Berg quotes Rajesh S. Mangrulkar, MD, associate dean for medical student education at the University of Michigan Medical School. Mangrulkar hosts the Podcast “AMA Doc Talk.” According to Mangrulkar, “There is no quick fix for chronic disease, but finding the right words to help a patient through this challenging and sometimes seemingly endless journey can help make the road smoother and even the outcomes better.”
Podcasts will continue to grow
The popularity of podcasts is clear, and there is still room to expand. Kantar’s 2019 Digital Insights survey showed that 36% of the healthcare professionals polled had listened to a podcast in the past 30 days. This finding implies that there’s an even bigger audience waiting to be tapped.

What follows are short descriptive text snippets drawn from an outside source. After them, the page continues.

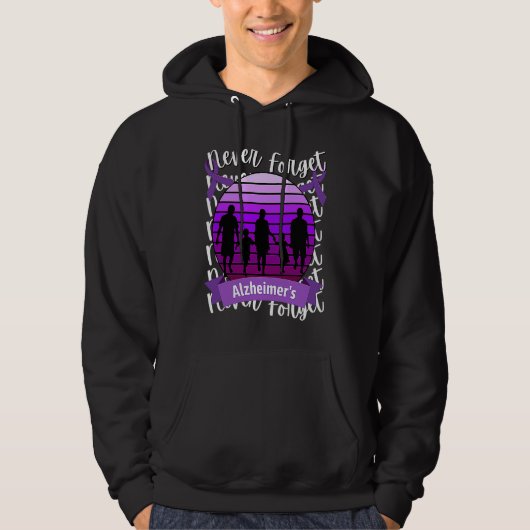 Never Forget Alzheimer's Awareness Retro Purple Fa Hoodie (Voorkant)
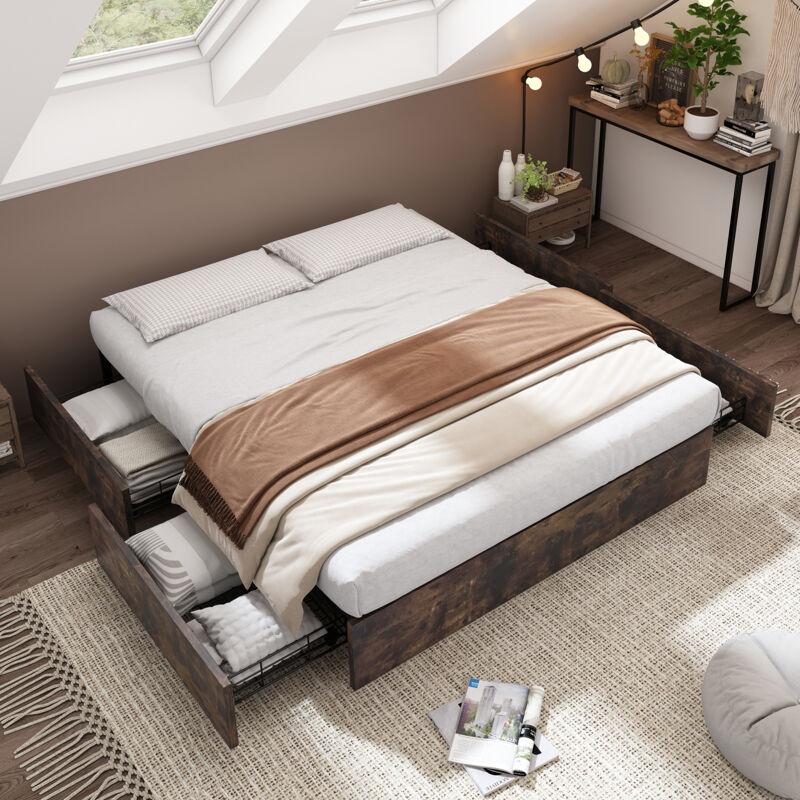 Lit adulte 140 x 200 cm, 4 tiroirs, lit double, lit en fer, métal, sans matelas, sans tête de lit, marron foncé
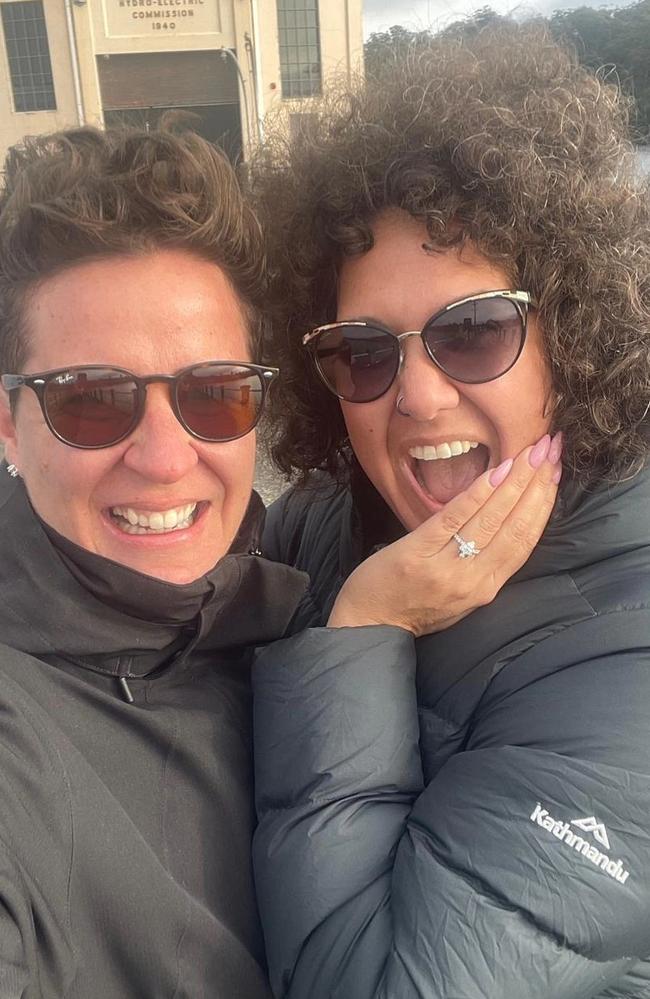 Casey Donovan (right) has become engaged to her partner Renee Sharples (left). Picture: Instagram.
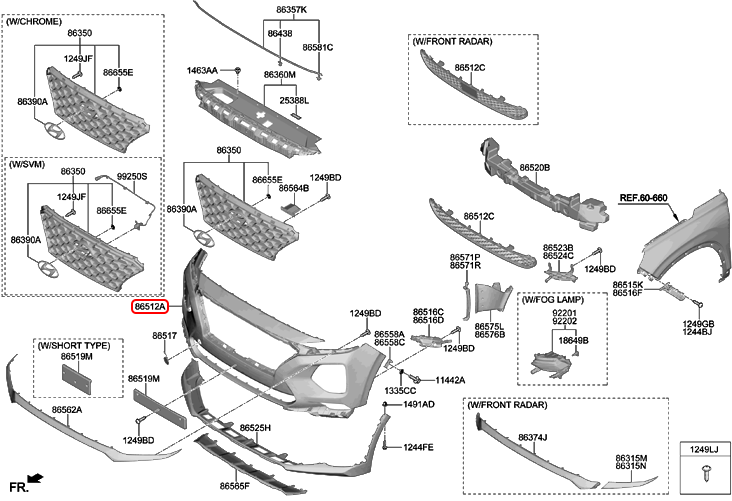 Cản trước chính hãng HYUNDAI | 86510S1000 tại HCM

The statistics also imply that market space exists for additional podcasters to deliver their messages to healthcare professionals. So, whether you are looking to use podcasts to educate your healthcare industry audience or simply want to deliver a message in an effective, easily accessible way, podcasting is a proven channel that continues to expand its reach. Its usefulness is only just starting to be appreciated by many healthcare marketers.